“If carpenters built houses the way programmers write code, the first woodpecker to come along would destroy civilization”. – Gerald Weinberg
We all have to deal with errors in our code, or at least, we’re supposed to. However, you’ve probably experienced a situation where a small problem caused another small problem, which caused a big problem, which ended up taking an entire system down. If you’ve experienced this, you are probably also painfully aware that these failure can be very expensive and hard to recover from. Second order effects are usually not that hard to predict, if you are thinking about them. You’ll also find that neither you nor anyone else does a particularly good job thinking about second, third, and fourth order effects of decisions.
Massive failures, in particular, are easily predicted. For instance, the Japanese attack on Pearl Harbor was easily predictable, based on rising tensions between the governments of Japan and the US, the layout of islands in the Pacific, and advancing aviation technology. In fact, the attacks were predicted in 1910 by Billy MItchell, who analyzed the situation.
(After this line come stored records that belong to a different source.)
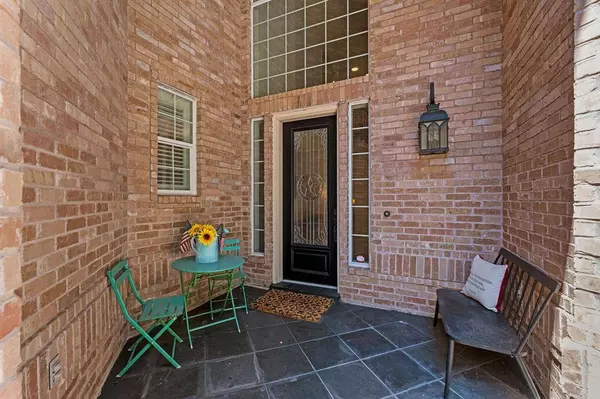 2 Cedar Chase PL, The Woodlands, TX 77381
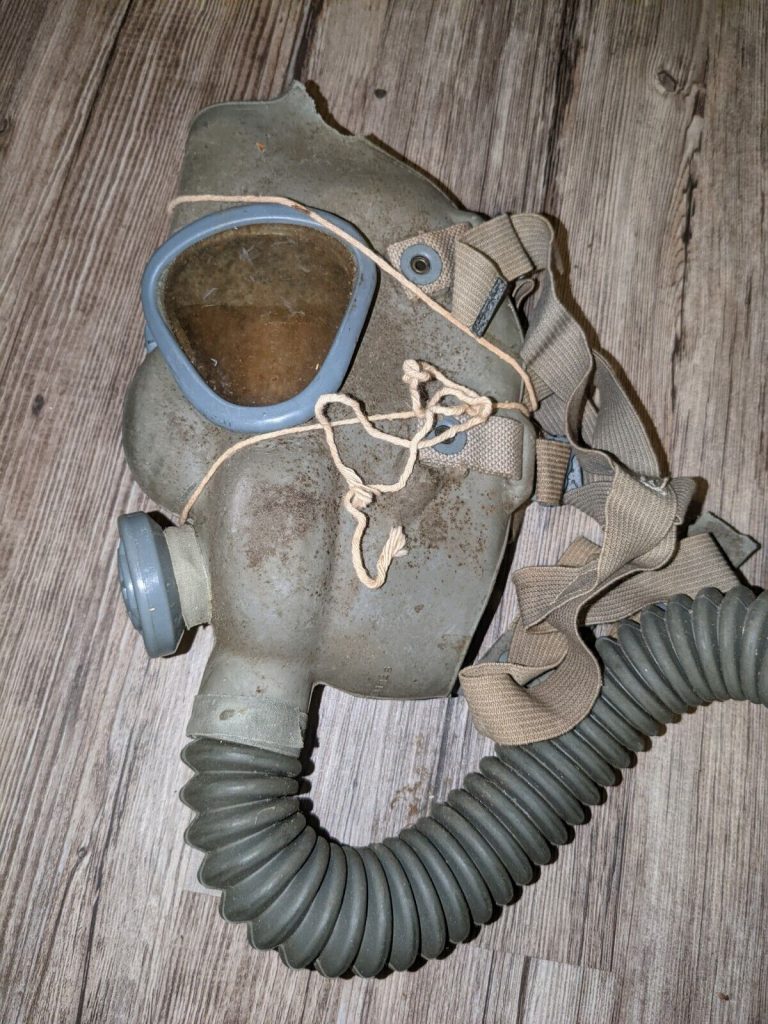 WWII Lightweight Service Mask Gasmask With Bag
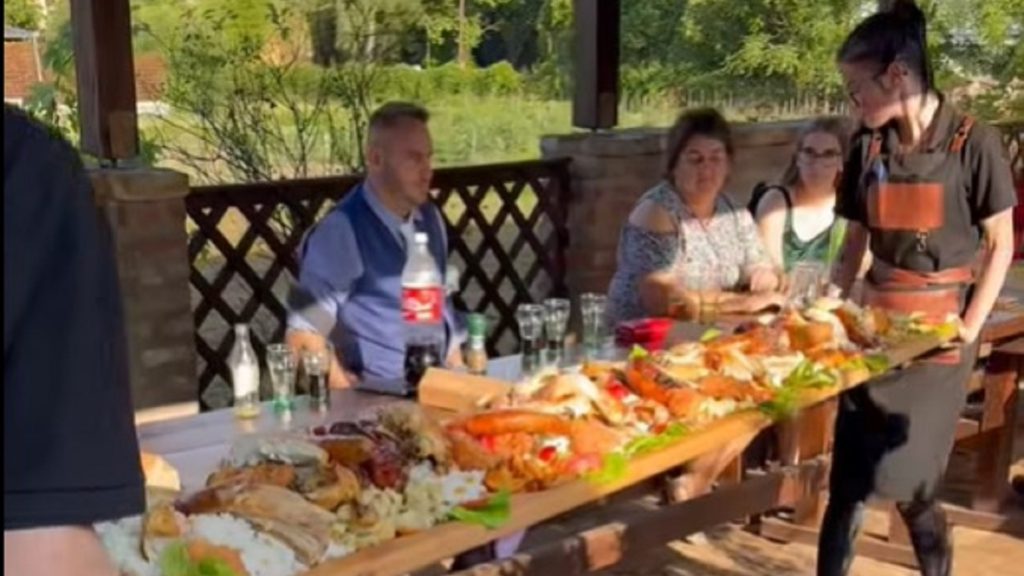 Alig bírják kivinni: ez az ország legnagyobb sültes tálja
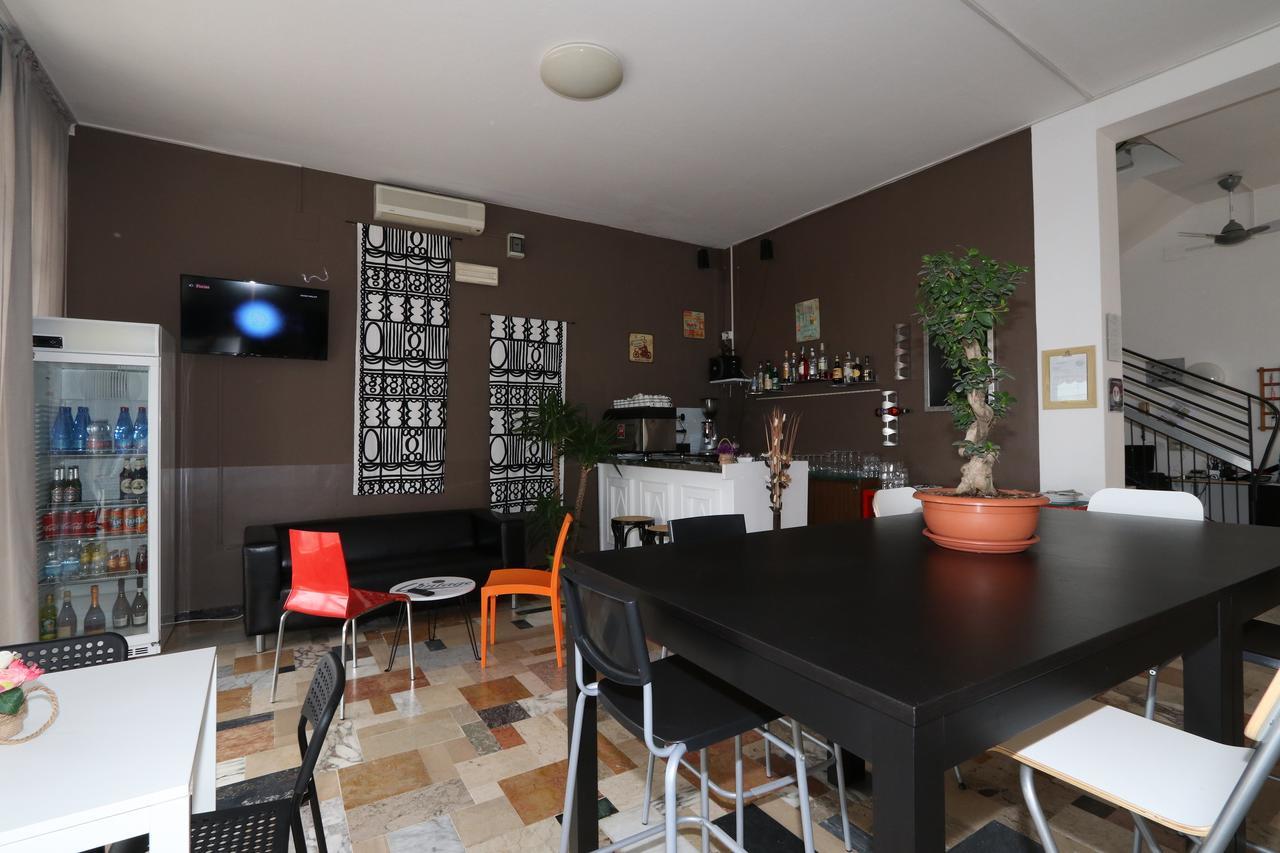 Hotel Urano Cattolica Bagian luar foto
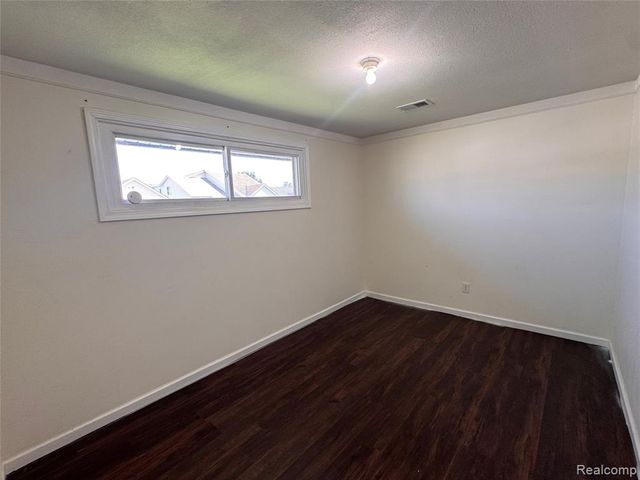 17611 Clarann Street, Melvindale, MI 48122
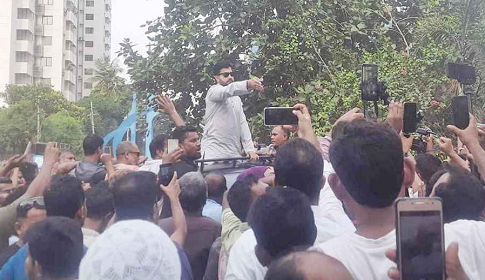 আন্দোলন স্থগিতের ঘোষণা দিলেন ইশরাক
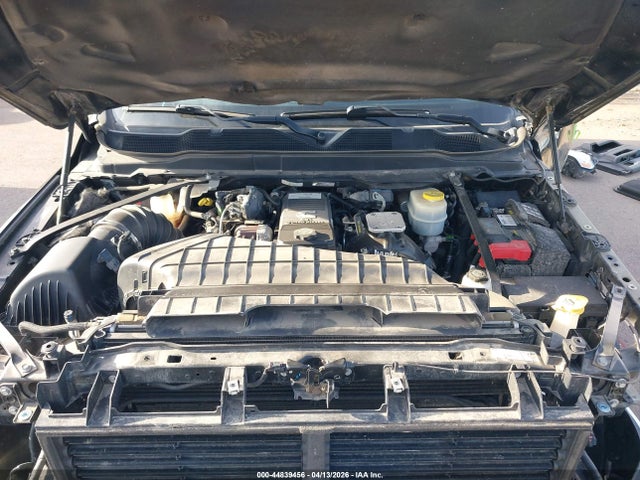 44839456 :رقم المزاد ، 3C63R3DL7KG547846 vin ، 2019 Ram 3500 Big Horn  4x4 6'4 Box مزاد بيع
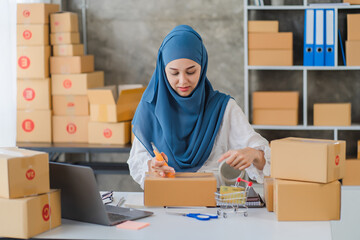 Beauty muslim woman in hijab working in the office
However, in spite of these predictions, the US fleet still was caught unprepared. Not only did this cause a catastrophic loss of lives and equipment, but it also led to a larger war, a war that might not have happened (or might not have occurred in the same way) had things been prepared differently. At the end of the day, people in positions of power didn’t believe that such a chain of events could happen, nor were they adequately able to shift resources to deal with a rising threat. Such a threat couldn’t be moderated by academic theorizing, but would require being in a position to get regular feedback and iterate quickly (this is a little harder to do with battleships, however).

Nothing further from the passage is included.